Pourtant, en 2008, le marché mondial a été favorable aux opérateurs français avec une demande alimentaire croissante et un début de diversification de leurs concurrents brésiliens. Cependant, c'est encore le poulet qui a bénéficié de ces ouvertures de marchés avec une augmentation de 20 % de ses débouchés vers les pays tiers, notamment le Moyen-Orient, l'Afrique subsaharienne et la Russie.

Source Agreste

Source Agreste

 

Le solde commercial se détériore

Selon l'Office de l'élevage « le marché se trouve dans une dynamique de recours croissant à des viandes importées ». En effet, les importations ont augmenté de 37 à 42 milliers de tec, soit une hausse de 13 % en 2008. La principale raison est la fermeté des prix français par rapport aux concurrents européens.

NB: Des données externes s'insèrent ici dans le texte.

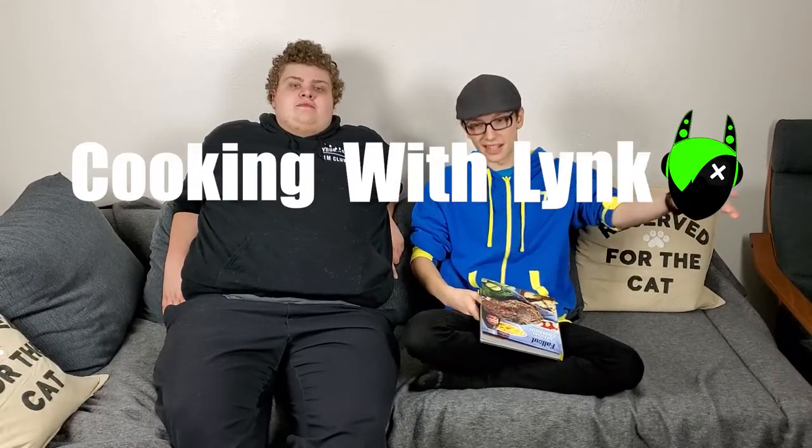Alright, hey guys, what is up? It's me Link Weiland, and welcome back to another Cooking with Link. Today we've got my friend Charles here. Howdy. I've known him for quite a bit. He was the first person I made some sort of concoction with, cooking as to say.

Les importations en provenance des pays tiers sont quant à elles restées stables (+ 0,4 %) suite à la mise en place de contingents d'importations en 2007. Pas étonnant dès lors que la dinde soit l'espèce pour laquelle le solde commercial se réduit le plus sur 2008 avec une chute de 17 % de 113 à 94 milliers de tec.
Dans ce contexte, la production de dinde poursuit son déclin avec une baisse de 3,7 % à 455 milliers de tec. Depuis 2002 la chute de production cumulée atteint 40 %. La situation se détériore encore avec un décrochage spectaculaire de 15 % au quatrième trimestre 2008 par rapport à la même période 2007. L'accélération de la baisse de production est directement corrélée à la réduction de 16 % des abattages.
En Bretagne, la situation de la dinde est aggravée. Les abattages ne représentent plus en 2008 que 194 milliers de tec contre 216 en 2007, soit une fonte de 10 %, amplifiée par un dernier trimestre 2008 catastrophique (- 22 %).

Source Agreste

Source Agreste

 

L'avenir reste sombre

Au niveau national, la tendance n'est pas à la reprise. Au contraire, les abattages comptabilisés en janvier 2009 ont décliné de plus de 20 % par rapport à janvier 2008 et les perspectives 2009 ne sont pas réjouissantes : 1 128 000 têtes de dindonneaux hebdomadaires ont ainsi été mis en place en janvier 2009 soit 8,6 % de moins qu'en janvier 2008. Les stocks ont tendance à s'allonger et les poids à l'abattage s'alourdissent (9,76 kg en janvier 2009).
Difficile de ne pas évoquer les difficultés des éleveurs qui vivent au quotidien les retards d'enlèvements et l'allongement des vides sanitaires. Selon Emmanuel Collet, directeur de l'entreprise de découpe RVE (groupe Glon Sanders), « on est dans un problème d'offre et de demande ». La clarification récente de la DGCCRF sur les résidus de l'utilisation de graisses animales, la sauvegarde du terme frais excluant l'utilisation de viande congelée, des résultats technico-économiques en hausse et une lueur récente de reprise de la consommation suffiront-ils à relancer la filière dinde ? Rien n'est moins sûr, d'autant que le Cidef annnonce une hausse du coût alimentaire de 1 % en février.